● Task directions: Reproduce the listing below exactly, beginning with its first line and ending with the line that holds "Brode Detaylı Tunik 2311 - KREM"; pictures are not part of the copy.

● The data:
──────────────────────────────

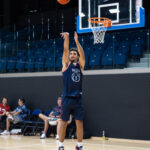 North Carolina transfer Derek Dixon shoots at practice in Vilnius. (Arizona Athletics)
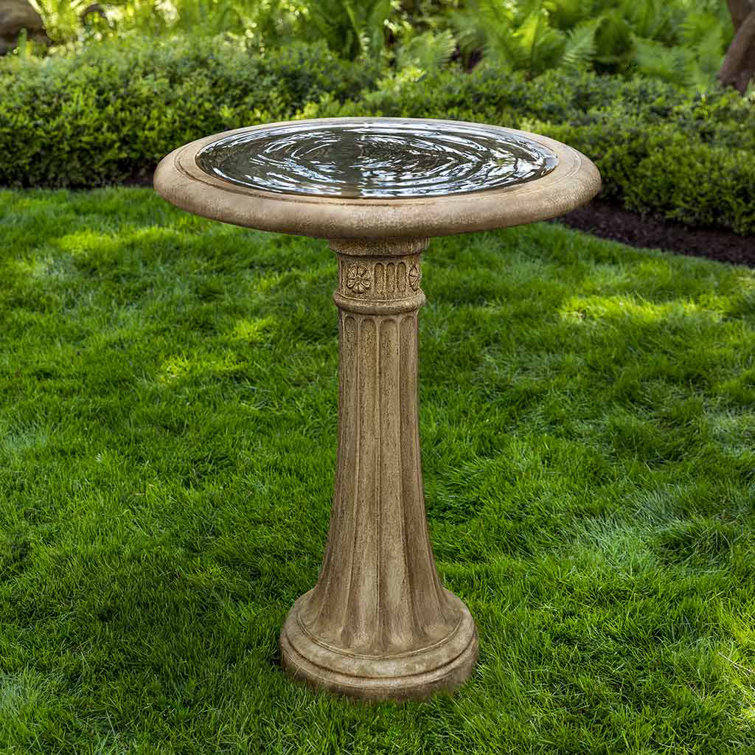 Aged Limestone Concrete Pedestal Birdbath with Stand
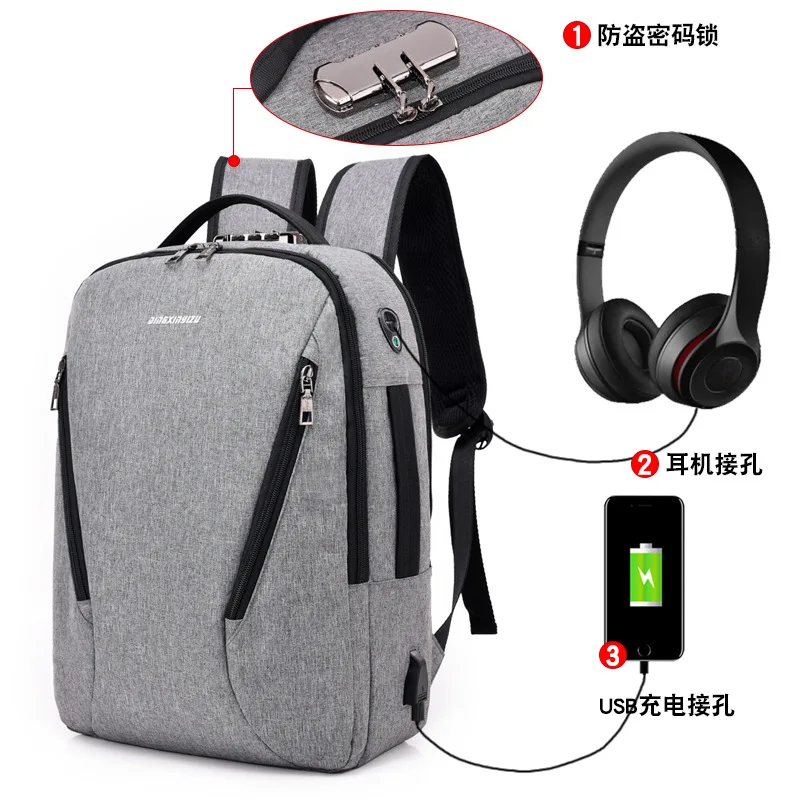 

USB Interface Charging Backpack Large Capacity Travel Business Trip Multi-functional Large Capacity Computer Bag
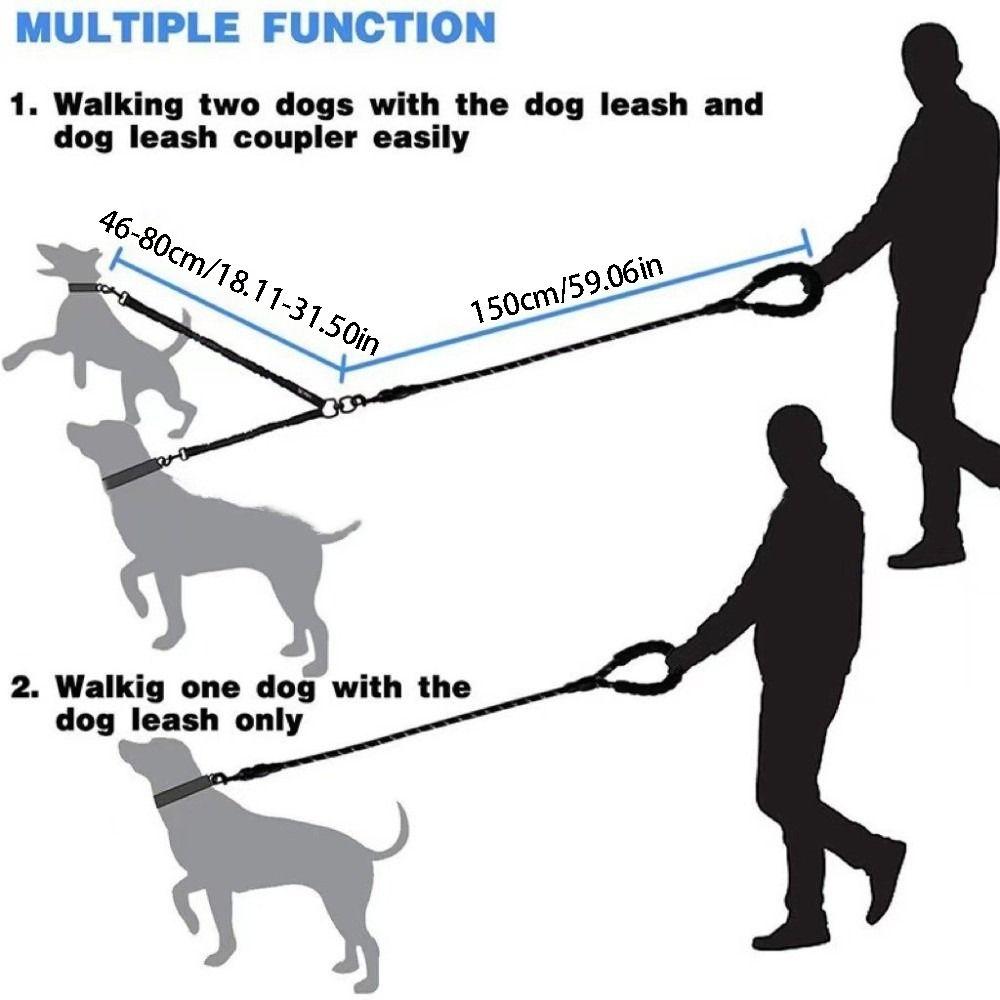 Stretchable Double Head Dog Rope Nylon Elastic Traction Rope Double Headed Leash  Small Dogs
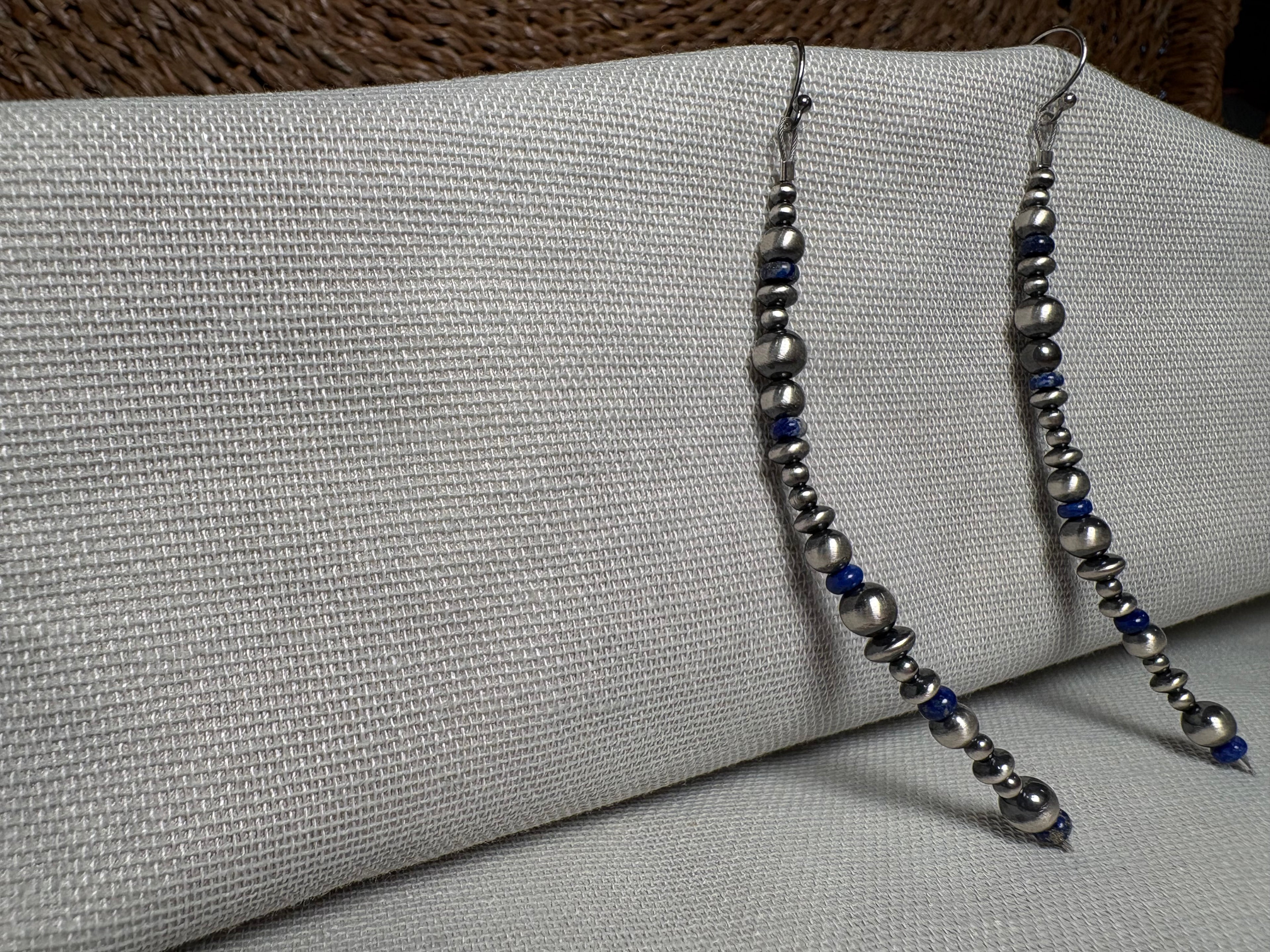 Sterling Silver Bead Lapis Earrings
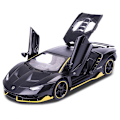 Miniatyrbillede 1 af 4: Lamborghini LP770 Gini sportsvogn modelbil Støbt Modelbil Legetøj Børnelyd og lys Træk tilbage bil Zink legetøj til børn Gave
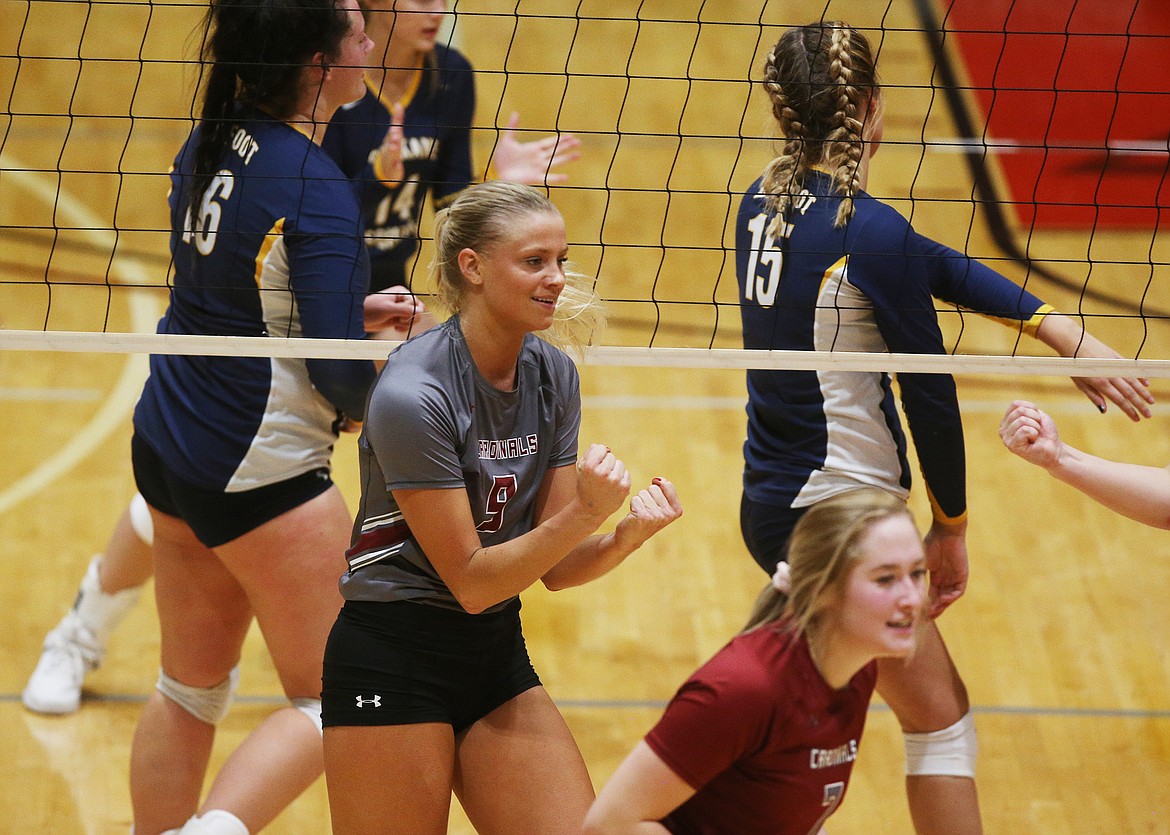 Kayla Neumann of North Idaho College celebrates a point with her team during a game earlier this fall against Spokane Falls Community College on Oct. 3, 2018. Neumann and the NIC Cards (23-11) begin play in the Northwest Athletic Conference Championship on Thursday at the Greater Tacoma Convention Center. (LOREN BENOIT/Press)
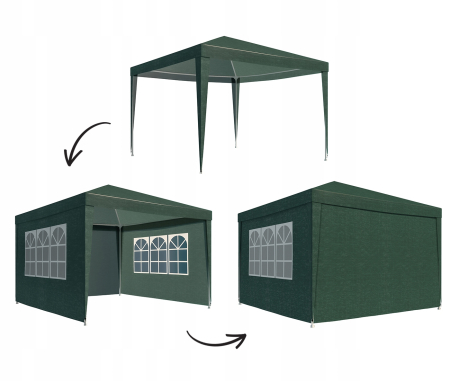 Pavilion gradina 300x300 cm cu 4 pereti laterali cu ferestre, PE 110g/m2 impermeabil, cadru otel, verde [3]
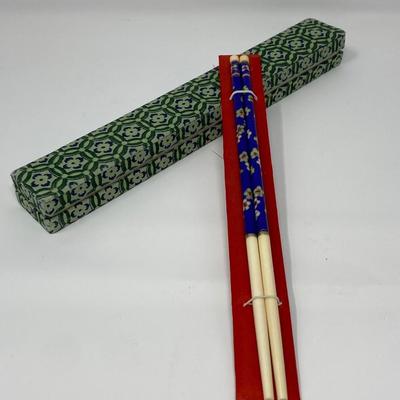 Vintage Blue Floral Chinese Cloisonne Enamel Bone Chopsticks with Case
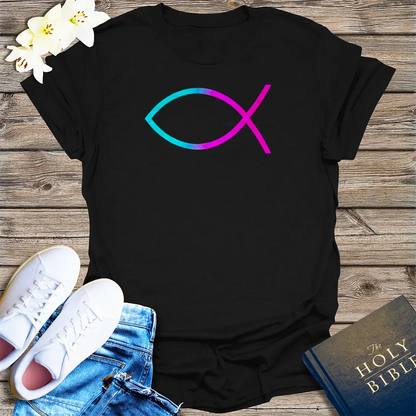 Neon Ichthys Faith T-Shirt - Black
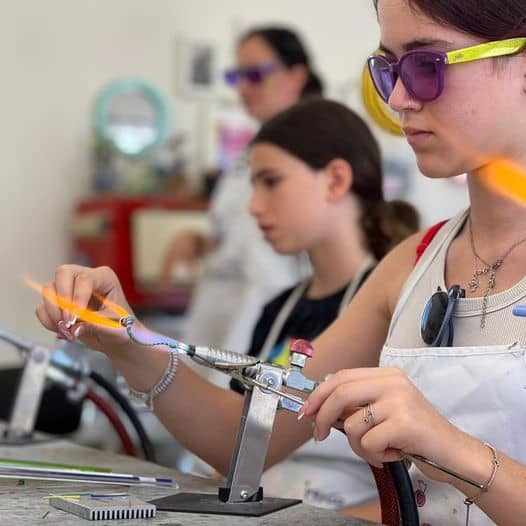 סדנא זוגית פיסול זכוכית במבער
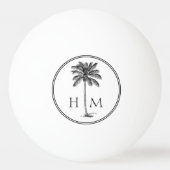 Kustpalm zwart-wit monogram pingpongbal (Voorkant)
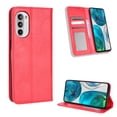 thumbnail image 2 of Compatible with Motorola Moto G52 Case Magnetic Closure Vintage Pattern PU Leather Wallet Cover with Card Slots-Red, 2 of 5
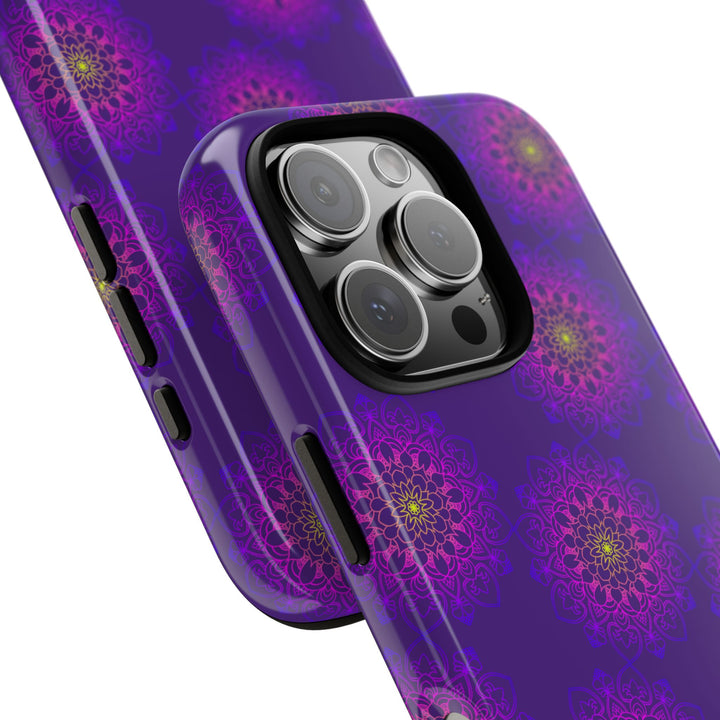 Intricate Purple Floral iPhone Case with Bold Mandala Design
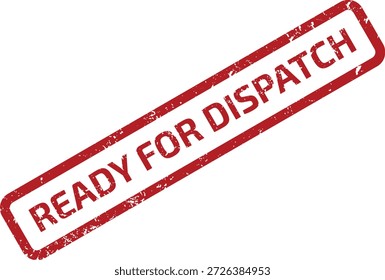 Carimbo vermelho grunge com o texto "PRONTO PARA DESPACHO", significando que um item está preparado para o transporte, isolado em fundo branco.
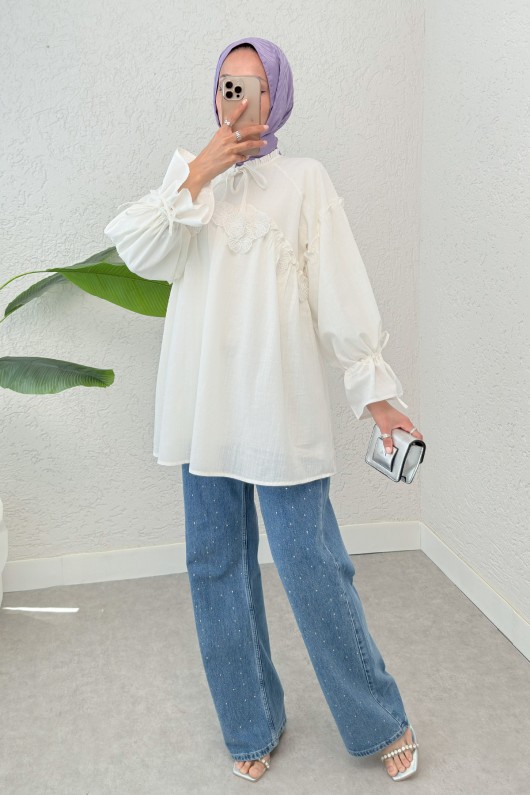 Brode Detaylı Tunik 2311 - KREM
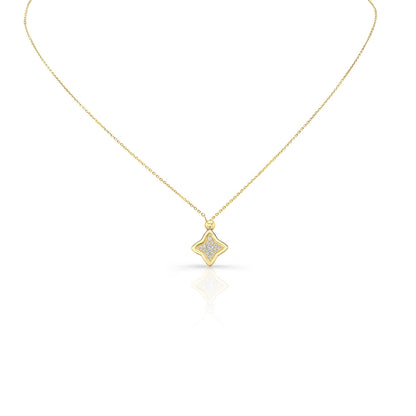 JustDesi Diamond Accent Starburst Convertible Lariat Necklace in 14K Yellow Gold front view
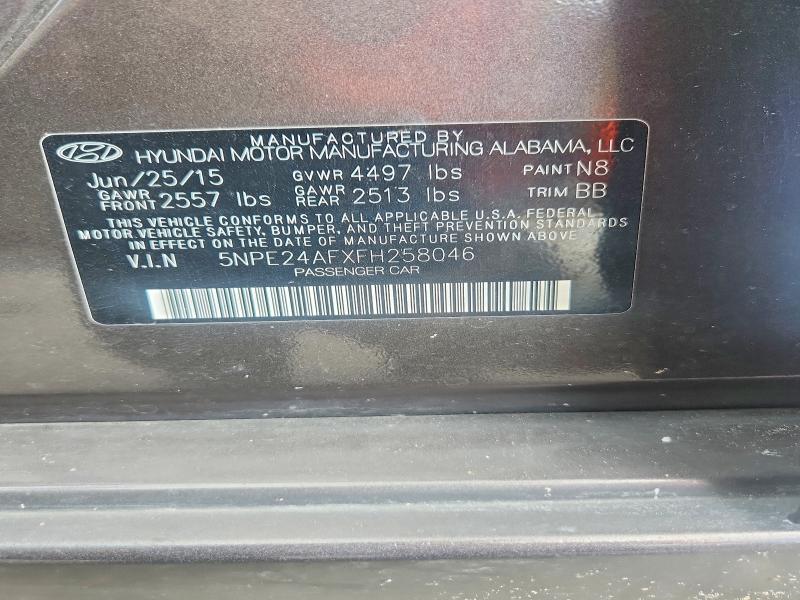 70189686 :رقم المزاد ، 5NPE24AFXFH258046 vin ، 2015 Hyundai Sonata مزاد بيع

──────────────────────────────

● Solution to this problem:
 North Carolina transfer Derek Dixon shoots at practice in Vilnius. (Arizona Athletics)
 Aged Limestone Concrete Pedestal Birdbath with Stand

USB Interface Charging Backpack Large Capacity Travel Business Trip Multi-functional Large Capacity Computer Bag
 Stretchable Double Head Dog Rope Nylon Elastic Traction Rope Double Headed Leash  Small Dogs
 Sterling Silver Bead Lapis Earrings
 Miniatyrbillede 1 af 4: Lamborghini LP770 Gini sportsvogn modelbil Støbt Modelbil Legetøj Børnelyd og lys Træk tilbage bil Zink legetøj til børn Gave
 Kayla Neumann of North Idaho College celebrates a point with her team during a game earlier this fall against Spokane Falls Community College on Oct. 3, 2018. Neumann and the NIC Cards (23-11) begin play in the Northwest Athletic Conference Championship on Thursday at the Greater Tacoma Convention Center. (LOREN BENOIT/Press)
 Pavilion gradina 300x300 cm cu 4 pereti laterali cu ferestre, PE 110g/m2 impermeabil, cadru otel, verde [3]
 Vintage Blue Floral Chinese Cloisonne Enamel Bone Chopsticks with Case
 Neon Ichthys Faith T-Shirt - Black
 סדנא זוגית פיסול זכוכית במבער
 Kustpalm zwart-wit monogram pingpongbal (Voorkant)
 thumbnail image 2 of Compatible with Motorola Moto G52 Case Magnetic Closure Vintage Pattern PU Leather Wallet Cover with Card Slots-Red, 2 of 5
 Intricate Purple Floral iPhone Case with Bold Mandala Design
 Carimbo vermelho grunge com o texto "PRONTO PARA DESPACHO", significando que um item está preparado para o transporte, isolado em fundo branco.
 Brode Detaylı Tunik 2311 - KREM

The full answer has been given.